27/04/23. En la categoría de los grandes mitos modernos, cabe uno que se ha granjeado pasiones, tanto por el rechazo como por el afecto que genera prácticamente en la misma medida. Es una bestia sin domesticar, un animal de las mediaciones que ha encontrado particular púlpito en el abrazo al niño lloroso y la caricia del cabello encanecido de la abuelita desdentada.
Es el homo politicus, una especie en auge que ha visto favorecidas sus andanzas gracias a la banalización llevada al paroxismo por las redes sociales y la era de la inmediatez.

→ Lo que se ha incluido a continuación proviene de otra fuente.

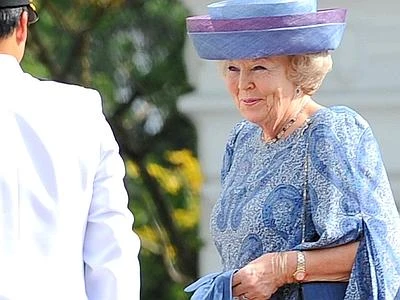 Olanda, la regina Beatrice abdica in favore del figlio Willem Alexander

En una época, realmente el término “carisma” tenía una acepción religiosa, relacionada con la noción de gracia o don divino. Era una bendición, un atributo que permitía a los pensadores, oradores y maestros dogmáticos encausar en el redil de sus ideas a un rebaño más o menos díscolo de ovejas descarriadas.
Hoy, aplica a casi todos los espectros donde se recoge fama y fortuna a partir del magnetismo personal. Es ahí donde el político-encantador de serpientes encuentra un terreno fértil para sus tropelías.
No es que ser carismático sea malo en sí mismo: el asunto es que detrás de ese poder de seducción natural de showman de algunos dirigentes políticos, pueden esconderse bajas pasiones que al entrar en juego en ese ecosistema de promesas vanas, desaguan en ser ofertantes de todo tipo de paraísos espirituales, intelectuales, terrenales y materiales, al parecer, solo con el magnánimo poder de su palabra.
Se vuelven mesiánicos, salvadores, profetas, capaces de logros heroicos con el impacto de establecer un nuevo orden de carácter utópico entre sus creyentes, como Jesucristo, Maoma, Buda, el Conde del Guácharo, Maricori. Eso sí, con algún crédito a posteriori, es decir, un "cuánto hay pa' eso" pues si bien es cierto que la fe mueve montañas, hay que pagar.
El máximo peligro se ubica en su inmensa capacidad de alienación. Es la antítesis del logro colectivo a partir de la lucha de clases y de los poderes creadores del pueblo, para terminar todos convertidos en creyentes de un semidiós con pies de barro, que camina entre nosotros “obrando” milagros a partir del hálito sanador de su mano acariciando las mejillas llorosas de un pobre.
Sí, es verdad, parece una norma de la gran mayoría de los políticos de América Latina, de izquierda, derecha y del centro, pero pasa que muchos se conforman con sobar el brazo y luego limpiarse la mano con un pañuelo, y otros (los menos) son los que realmente se montan sobre los hombros esa inmensa responsabilidad de impulsar el trabajo en equipo para que se entienda que no se trata de un trabajo divino e individual sino de un empeño colectivo.